Give us all a reverence for the earth as your own creation,
that we may use its resources rightly in the service of others
and to your honor and glory
.  Book of Common Prayer, Prayers of the People, Form IV

You made us the rulers of creation. But we turned against you, and betrayed
your trust; and we turned against one another.
   Eucharistic Prayer C

From our creation as humans, God called us into partnership in caring for every living creature.  The early language of ruler leaves some pondering that we humans consider ourselves better and more important than the rest of Creation.   Yet God is within all that is and lives, and we humans are made in the image and likeness of God.   More than “lording it over” the rest of creation we are meant to be stewards and partners in caring for all on planet Earth, all God has made.

As we note the changes in our weather patterns that have far-reaching effects on all life on the planet as we have known it, may we look deeper within and more broadly outside ourselves to see all the wonders of life on earth and the interconnection of all from fish to birds to fields and air to humans.  With respect for the dignity of all creation and for the life-abundance God began,  may we truly come to care for the earth and one another. 

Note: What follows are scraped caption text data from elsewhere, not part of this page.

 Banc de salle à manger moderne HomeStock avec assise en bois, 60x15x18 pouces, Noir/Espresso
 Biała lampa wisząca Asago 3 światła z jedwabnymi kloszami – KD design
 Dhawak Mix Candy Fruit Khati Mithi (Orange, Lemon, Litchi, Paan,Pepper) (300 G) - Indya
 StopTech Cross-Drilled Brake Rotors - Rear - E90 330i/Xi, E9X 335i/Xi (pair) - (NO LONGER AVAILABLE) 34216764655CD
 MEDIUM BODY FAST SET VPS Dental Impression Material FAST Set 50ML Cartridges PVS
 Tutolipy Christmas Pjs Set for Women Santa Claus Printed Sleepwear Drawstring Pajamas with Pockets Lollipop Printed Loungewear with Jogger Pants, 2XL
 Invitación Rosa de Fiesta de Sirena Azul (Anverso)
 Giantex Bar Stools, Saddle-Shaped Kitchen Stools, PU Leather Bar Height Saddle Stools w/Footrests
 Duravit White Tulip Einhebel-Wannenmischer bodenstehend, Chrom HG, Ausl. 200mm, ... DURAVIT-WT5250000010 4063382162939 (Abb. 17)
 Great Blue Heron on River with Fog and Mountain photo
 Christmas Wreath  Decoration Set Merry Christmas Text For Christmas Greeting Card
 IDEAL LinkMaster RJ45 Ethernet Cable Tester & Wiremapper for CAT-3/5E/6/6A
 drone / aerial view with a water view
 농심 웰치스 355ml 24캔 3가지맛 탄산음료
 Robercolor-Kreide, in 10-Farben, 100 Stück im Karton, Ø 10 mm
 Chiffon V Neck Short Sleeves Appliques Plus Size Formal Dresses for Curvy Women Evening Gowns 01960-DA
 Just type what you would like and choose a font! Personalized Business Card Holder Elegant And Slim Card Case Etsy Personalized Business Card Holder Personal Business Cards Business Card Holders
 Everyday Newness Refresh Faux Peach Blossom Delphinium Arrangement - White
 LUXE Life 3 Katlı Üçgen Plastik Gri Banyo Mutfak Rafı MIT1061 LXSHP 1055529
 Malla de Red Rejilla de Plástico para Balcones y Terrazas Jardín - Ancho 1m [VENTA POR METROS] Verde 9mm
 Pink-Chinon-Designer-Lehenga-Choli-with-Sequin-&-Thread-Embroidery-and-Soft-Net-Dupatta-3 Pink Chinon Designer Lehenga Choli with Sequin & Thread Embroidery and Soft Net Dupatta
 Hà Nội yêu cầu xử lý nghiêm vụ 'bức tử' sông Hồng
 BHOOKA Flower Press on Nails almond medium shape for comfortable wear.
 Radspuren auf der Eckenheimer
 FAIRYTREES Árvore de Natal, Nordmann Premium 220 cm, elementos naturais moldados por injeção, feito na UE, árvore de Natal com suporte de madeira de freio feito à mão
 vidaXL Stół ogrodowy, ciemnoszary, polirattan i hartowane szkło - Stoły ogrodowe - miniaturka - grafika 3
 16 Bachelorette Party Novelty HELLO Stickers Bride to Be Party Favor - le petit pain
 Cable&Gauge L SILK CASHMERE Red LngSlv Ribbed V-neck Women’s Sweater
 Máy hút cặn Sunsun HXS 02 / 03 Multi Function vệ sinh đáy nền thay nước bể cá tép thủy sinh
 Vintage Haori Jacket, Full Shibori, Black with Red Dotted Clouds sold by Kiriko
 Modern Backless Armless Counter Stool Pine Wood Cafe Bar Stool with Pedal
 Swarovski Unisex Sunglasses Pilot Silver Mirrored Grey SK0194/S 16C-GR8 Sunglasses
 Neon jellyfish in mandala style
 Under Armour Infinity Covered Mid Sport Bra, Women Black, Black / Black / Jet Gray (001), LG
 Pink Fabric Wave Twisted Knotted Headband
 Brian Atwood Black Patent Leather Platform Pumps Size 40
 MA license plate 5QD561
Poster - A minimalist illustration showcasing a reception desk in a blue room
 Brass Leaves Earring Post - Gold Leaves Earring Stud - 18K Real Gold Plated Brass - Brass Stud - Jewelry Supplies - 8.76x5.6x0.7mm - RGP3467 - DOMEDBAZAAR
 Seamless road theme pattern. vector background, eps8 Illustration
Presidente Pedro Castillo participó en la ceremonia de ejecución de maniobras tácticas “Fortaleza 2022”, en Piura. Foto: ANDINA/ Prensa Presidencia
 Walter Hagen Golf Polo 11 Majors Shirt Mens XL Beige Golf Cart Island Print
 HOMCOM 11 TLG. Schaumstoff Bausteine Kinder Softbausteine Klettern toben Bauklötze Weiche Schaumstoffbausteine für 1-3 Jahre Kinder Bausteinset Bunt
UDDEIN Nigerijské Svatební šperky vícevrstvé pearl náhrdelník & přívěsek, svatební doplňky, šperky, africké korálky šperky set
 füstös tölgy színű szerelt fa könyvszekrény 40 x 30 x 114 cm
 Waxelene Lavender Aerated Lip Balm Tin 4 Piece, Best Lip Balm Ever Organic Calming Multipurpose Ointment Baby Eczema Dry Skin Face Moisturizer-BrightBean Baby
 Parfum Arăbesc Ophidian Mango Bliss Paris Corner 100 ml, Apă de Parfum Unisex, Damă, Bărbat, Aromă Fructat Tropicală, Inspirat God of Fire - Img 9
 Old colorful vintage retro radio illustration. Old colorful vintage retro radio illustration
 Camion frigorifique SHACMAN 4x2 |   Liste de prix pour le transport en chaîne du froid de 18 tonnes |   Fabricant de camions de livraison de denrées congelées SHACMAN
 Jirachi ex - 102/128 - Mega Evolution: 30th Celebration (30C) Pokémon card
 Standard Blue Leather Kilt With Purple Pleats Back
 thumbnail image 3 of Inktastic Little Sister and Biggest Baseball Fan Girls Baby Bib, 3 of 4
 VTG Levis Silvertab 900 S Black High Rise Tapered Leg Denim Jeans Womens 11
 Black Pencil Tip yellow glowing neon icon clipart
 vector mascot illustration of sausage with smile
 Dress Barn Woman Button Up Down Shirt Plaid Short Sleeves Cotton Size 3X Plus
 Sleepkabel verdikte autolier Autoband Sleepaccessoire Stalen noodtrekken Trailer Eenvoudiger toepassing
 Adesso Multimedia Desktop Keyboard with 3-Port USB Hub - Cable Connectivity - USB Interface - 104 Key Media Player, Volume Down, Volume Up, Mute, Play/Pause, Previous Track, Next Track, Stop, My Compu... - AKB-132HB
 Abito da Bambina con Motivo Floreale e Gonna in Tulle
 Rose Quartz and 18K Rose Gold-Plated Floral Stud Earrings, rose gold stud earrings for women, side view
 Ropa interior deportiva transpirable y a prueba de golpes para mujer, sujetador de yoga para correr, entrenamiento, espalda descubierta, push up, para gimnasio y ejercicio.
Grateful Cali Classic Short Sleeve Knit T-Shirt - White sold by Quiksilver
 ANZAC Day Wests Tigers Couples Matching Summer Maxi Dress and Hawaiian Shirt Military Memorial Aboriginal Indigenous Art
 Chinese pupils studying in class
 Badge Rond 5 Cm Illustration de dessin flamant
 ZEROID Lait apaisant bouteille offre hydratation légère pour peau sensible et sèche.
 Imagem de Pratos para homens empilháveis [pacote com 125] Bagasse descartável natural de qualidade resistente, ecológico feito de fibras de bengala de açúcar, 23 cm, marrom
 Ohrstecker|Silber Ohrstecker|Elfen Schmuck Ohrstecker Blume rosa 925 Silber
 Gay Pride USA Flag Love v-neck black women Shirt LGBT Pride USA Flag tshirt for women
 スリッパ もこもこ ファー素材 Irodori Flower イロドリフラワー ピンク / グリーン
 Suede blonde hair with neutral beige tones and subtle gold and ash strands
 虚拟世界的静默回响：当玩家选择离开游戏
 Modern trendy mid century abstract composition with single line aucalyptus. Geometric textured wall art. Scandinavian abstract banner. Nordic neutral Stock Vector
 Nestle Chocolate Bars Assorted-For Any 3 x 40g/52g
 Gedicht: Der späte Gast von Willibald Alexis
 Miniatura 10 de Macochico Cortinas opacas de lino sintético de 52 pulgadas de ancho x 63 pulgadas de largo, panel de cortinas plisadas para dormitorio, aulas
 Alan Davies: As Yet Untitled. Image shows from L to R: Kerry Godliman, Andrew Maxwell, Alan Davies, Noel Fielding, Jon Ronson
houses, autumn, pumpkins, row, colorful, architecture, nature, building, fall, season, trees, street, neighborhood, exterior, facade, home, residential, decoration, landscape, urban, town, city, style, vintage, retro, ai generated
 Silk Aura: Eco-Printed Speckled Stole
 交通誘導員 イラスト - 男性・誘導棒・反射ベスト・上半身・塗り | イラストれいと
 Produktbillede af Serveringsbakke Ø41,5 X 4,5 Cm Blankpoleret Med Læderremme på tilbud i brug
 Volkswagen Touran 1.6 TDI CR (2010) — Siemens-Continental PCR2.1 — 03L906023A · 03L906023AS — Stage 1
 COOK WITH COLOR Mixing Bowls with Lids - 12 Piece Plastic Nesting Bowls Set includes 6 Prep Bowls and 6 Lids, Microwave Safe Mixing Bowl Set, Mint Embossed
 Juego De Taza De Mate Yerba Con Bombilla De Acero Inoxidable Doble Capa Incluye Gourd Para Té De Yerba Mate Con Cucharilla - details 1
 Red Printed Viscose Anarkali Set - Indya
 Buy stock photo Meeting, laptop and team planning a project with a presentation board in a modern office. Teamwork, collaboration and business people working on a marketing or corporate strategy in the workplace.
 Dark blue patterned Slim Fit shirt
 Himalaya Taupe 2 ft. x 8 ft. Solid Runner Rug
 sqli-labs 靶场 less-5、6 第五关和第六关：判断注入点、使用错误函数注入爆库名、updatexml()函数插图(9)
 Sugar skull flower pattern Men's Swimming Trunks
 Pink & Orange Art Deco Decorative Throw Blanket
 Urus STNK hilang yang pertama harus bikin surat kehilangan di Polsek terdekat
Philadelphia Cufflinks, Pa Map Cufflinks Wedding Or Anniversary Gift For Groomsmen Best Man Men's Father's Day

We confess as in Eucharistic Prayer C that we betrayed God’s trust in us as rulers of Creation for we turned against God, creation and one another.  May we again turn toward God, Creation and neighbor that all may heal and live. 

Prayer for the Joy of Creation

O heavenly Father, who hast filled the world with beauty:
Open our eyes to behold thy gracious hand in all thy works;
that, rejoicing in thy whole creation, we may learn to serve
thee with gladness; for the sake of him through whom all
things were made, thy Son Jesus Christ our Lord. Amen.

In the Rhythms of the Day

at the dawn

Very early on the first day of the week, just after sunrise, they came to the tomb.   Mark 16:2

During that day’s cool evening breeze, they heard the sound of God walking in the Garden Genesis 3:23

Jesus had to go through Samaria…. It was about noonJohn 4:4-6

Tonight you will all fall away from me [Jesus].  Matthew 26:31

Our lives in God are located in the rhythms of the day from sunrise through the quiet of the deepest dark of night.    In our 24/7 world with most everything available most any time, we can easily lose the rhythms of the day.   Yet scripture recognizes the rhythms of the day.   

The women arriving at sunrise discovered Jesus’s Resurrection.  Note the time.  Wonderfully for the Navajo, early dawn is the most important part of the day when Father Sky and Mother Earth meet and together they produce all needed for life.  Sunrise is the perfect time to encounter new life in the Resurrection.  

“Mad dogs and Englishmen go out in the midday sun,” goes the song, noting only the crazy or unobservant of local customs would make such a choice.   That Jesus encounters the Samaritan woman at the well at noon is yet another sign of the turning the world’s values upside down in this story.   What a perfect time for a woman from a despised neighboring community to be the one to know Jesus is Messiah. 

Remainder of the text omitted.